There's a reason that Dome calls back to vintage King; he began this novel twice, once over 30 years ago and then again in the '80s, before declaring it to be too much for him to handle and putting it away. Dome's plot—a mysterious, impenetrable dome surrounds a small town in Maine, and the townspeople quickly devolve into a howling mob without society to hold them in check—provides King many opportunities to revisit some of his earliest themes.

There is an undeniable pleasure to reading King's work, in the same way there's an undeniable pleasure to watching a Steven Spielberg movie: The pacing is always full-speed-ahead, the thrills can often creepy-crawl into some basic part of your brain, and the storytelling is simple enough that you'd have to be dead not to get drawn in. But he also has the same problems as Spielberg: His emotional scenes are way too sentimental and treacly, the simple storytelling can often be too simple, and the endings almost always dissolve into overexplanatory drivel.

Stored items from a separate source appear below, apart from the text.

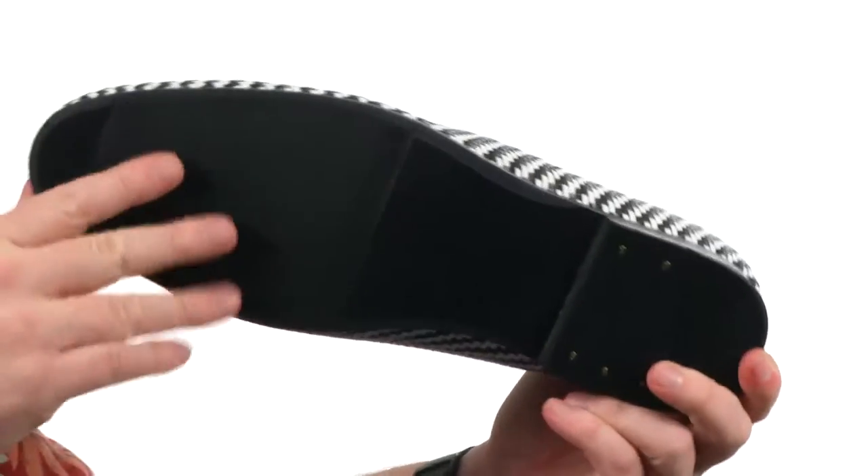Down here on the outsole, there's a little bit of texture up front and you've got some flexibility right out of the box. Take your loafer game up to the next level with these from Giorgio Brutini.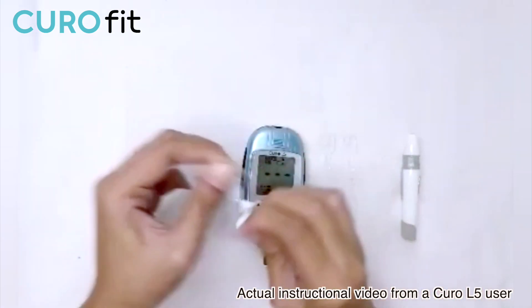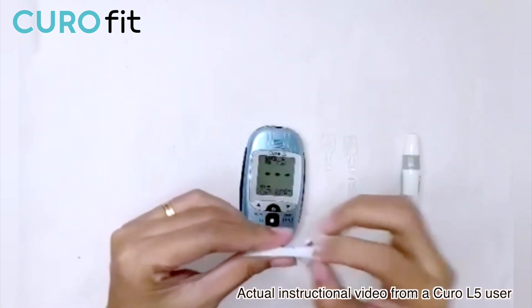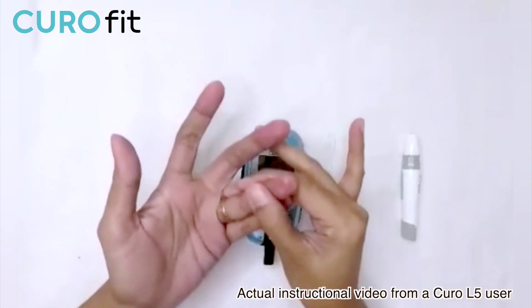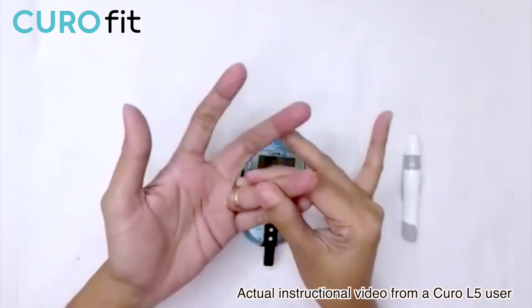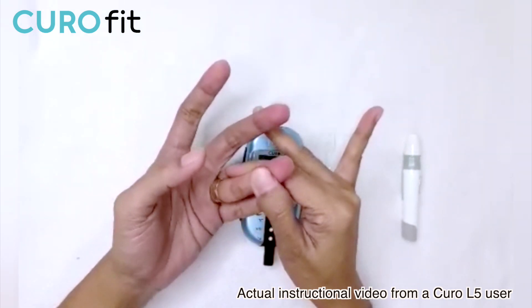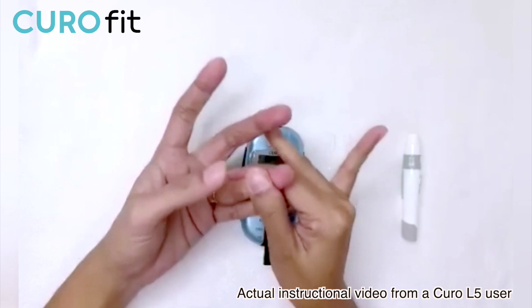I am now ready to start the test. Let me just sanitize my finger to make sure there's no residue left. Let me just massage my finger first, because it will actually help the blood flow into my fingertip.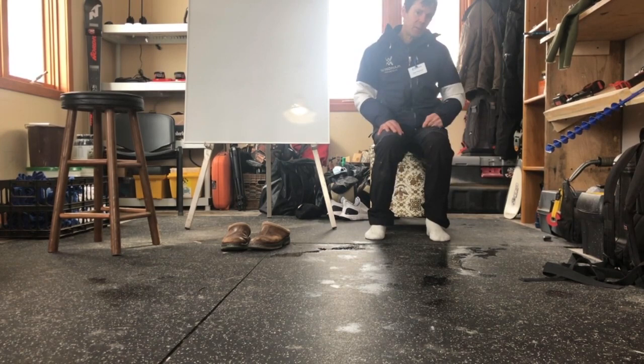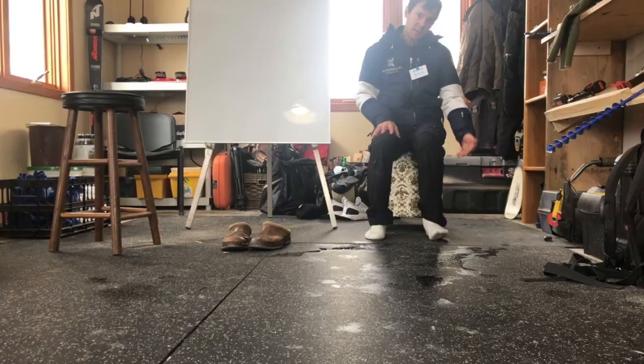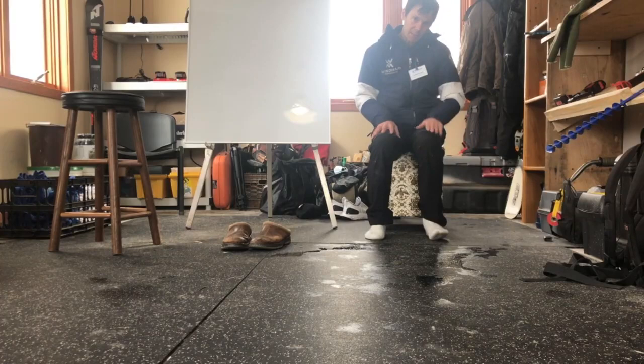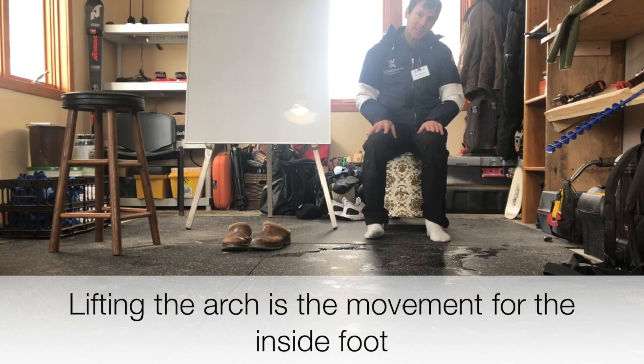We have two feet, so we have to work on the other foot. Exercise number two: lifting the arch. If I lift the outside little toe side to go that way, this is my outside dominant foot. I also have to lift the arch — that's exercise number two.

There are 600 great pages here. Unfortunately, they're intermingled with passages that not-so-cleverly evoke a host of threadbare 21st-century liberal fictional clichés—waterboarding, global warming, leaders swept up in senseless, megalomaniacal Christianity—that were already heavy-handed when they appeared on network television in 2004. And several truly weird plot choices—an opening passage from the point of view of a woodchuck ("His last thought before the darkness that comes to us all, chucks and humans alike: What happened?"), the fact that King sticks his protagonist in a prison with nothing to do for the middle third of the book, and a later conversation between a ghost and a corgi that ultimately comes to nothing—solely serve to bloat the book to classic King proportions.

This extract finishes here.